Picking the best spots to camp with the elephants (and others) at Addo

The Chiels were getting a little restless. Nothing much had been happening in the way of excitement. So we scanned various game reserves on the SANParks website and, bingo, there was a selection of campsites available at Addo Elephant Park in September.

And besides, the roof tent was beginning to look unhappy hanging from the rafters in our garage; it needed a leg stretch.

What’s more, we’d yet to try out our new, small, lightweight tent that we would pitch and use as a shelter in rainy or windy weather.

Yup, our glass-fibre Hannibal Safari roof tent is great for sleeping in. It is so easy to put up (2 minutes), and pack up (about 3 minutes), but when it comes to shelter during the day it is not ideal.

Three nights would be enough, we decided, and being just a few hours drive from home we’d have two half days and two full days to enjoy ourselves exploring the park. It worked out perfectly.

The camping area at Addo is divided into two sections, large caravan sites and compact tent sites, and we experienced both.

Tall spekboom hedges are superb windbreaks and we tucked our tent into a sheltered spot.

It was just as well because the wind was strong and soon after cooking the braai on our first night, it started to rain.

No matter, the Natural Instincts 2.4m², 1.5m-high, 4-person tent proved sturdy and dry, and also uncomplicated to pitch or pack away. The two of us were even able to pick it up in one piece and easily carry it to another site for our last night.

So much for the camping side; what about the animals? Being September and it having rained two weeks earlier, spring was in the air. Wild flowers were peeping out, grazing was good and the animals moved away from the thick spekboom bush to feed on new green shoots.

Elephants were in the open everywhere, using their lumbering feet to scrape flowers, weeds and grass into dusty little piles which they picked up with dexterous trunks and lifted into their mouths.

It was also open veld time for kudu in their hundreds, no longer browsing in dense bush, but also taking advantage of the fresh, succulent grazing available. Interestingly, many still had fluffy winter coats that hid the signature vertical white stripes on their sides.

And did you know the horns of mature kudu bulls average 120cm in length, while the longest recorded horn, along the curve, was a whopping 180cm? I didn’t.

Among other game we saw were: a shy black rhino at a dam, desperate to drink, but wary of vehicles waiting to see it happen; plenty of buffalo in small herds, red hartebeest too; eland, warthog, Burchell’s zebra, black-backed jackal and a leopard tortoise.

We took great pleasure sitting beside a hyena den close to Rooidam after being shown a young hyena lying nearby, then pointing it out to passing visitors who were also thrilled to be shown it.

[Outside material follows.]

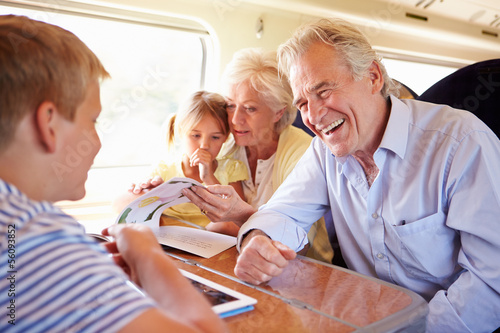 Photo: Grandparents And Grandchildren Relaxing On Train Journey Grandparents And Grandchildren Relaxing On Train Journey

Many were German tourists whose biggest desire was to see lions. “Have you seen any lions?” they’d ask. We hadn’t, but they were there and had been seen by others.

Hapoor dam was another favourite spot to stop and watch mostly elephant grazing and drinking, with many kudu in the background.

Domkrag dam was another with elevated parking and where visitors are permitted to get out of their vehicles and look down at the dam.

Birds were the main attraction there and we saw little grebe, red-knobbed coot, common moorhen, shelduck and blue crane among other common varieties. Further on up Gorah Loop we spotted a pair of Denham’s bustard, an exciting new tick for me.

We stopped off twice at Jack’s picnic site for lunch, enjoying a braai one day. It’s a fenced and protected area of 500ha used to monitor the impact of large herbivores on vegetation outside the area and to compare long-term effects, particularly of what elephants do outside the fence.

All in all, it was an exciting and stimulating trip which we will do again.

lI was contacted by Whitney Schwartz concerning last week’s column about the navy mascot, a common (grey) duiker named Admiral Horatio, where I incorrectly said it had the run of the Port Rex Naval Base. That was the citizen force HQ at the time.

Admiral Horatio was in fact released in the 5ha Signal Hill Naval Base, a Permanent Force Navy Base overlooking the entrance to the harbour.